Getting it all attached and clamped down evenly was no small trick while standing in an oily bilge in a rolling boat. We got it on and started the motor. Water sprayed out of the end cap like the broken pipes in a submarine movie. After a few more adjustments we were able to get it down to an acceptable leak. We shut down the engine thinking that the clamp would not hold for long. I wanted to sail as close to the harbor entrance as possible before using it. The harbor is a busy shipping center that requires each vessel entering to get clearance from the port manager. I would have only one shot. If the clamp failed while entering I could be left in the path of a tanker that would be hard pressed to stop before running me down.
I sent Mike to his bunk as I would need him to be sharp when we made port.

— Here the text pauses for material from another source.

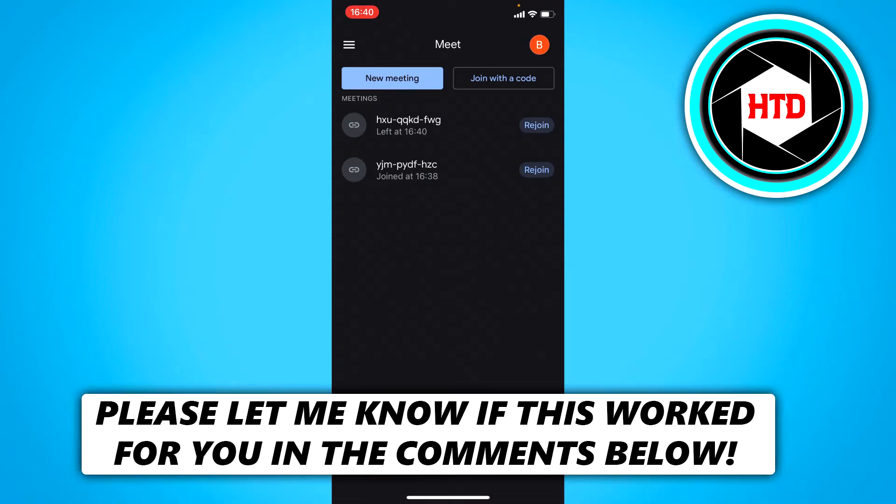How to change the background in Google Meet from your mobile. Now that's what I'm going to show you guys in this video. So let's get started right away.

Shannon and I continued to try to squeeze something out of one to two knots of wind. I thought briefly about hoving to but decided not to as we were more or less drifting anyway. At day break I decided not to enter the harbor but to divert to an anchorage to the south of it. It would keep me out of the shipping channel. I started the engine with ten miles to go and began to creep at three knots toward the anchorage. I kept a close watch on our exhaust water to tell me if the clamp failed. I had Shannon wake Mike. As we neared the shipping channel we could see a ship approaching from the north. I turned to get out of it’s way but it turned into me again. I was not going to be able to cross the channel without cutting across his bow so I had to do a large circle to port, letting him pass. Each second I expected the clamp to explode. It didn’t explode, it held. Mike let the anchor go in twenty-four feet of water and I backed down hard on One hundred-fifty feet of chain, shut down the engine and we all went to sleep in the lee of the Mazatlan Light House. The clean up would have to wait.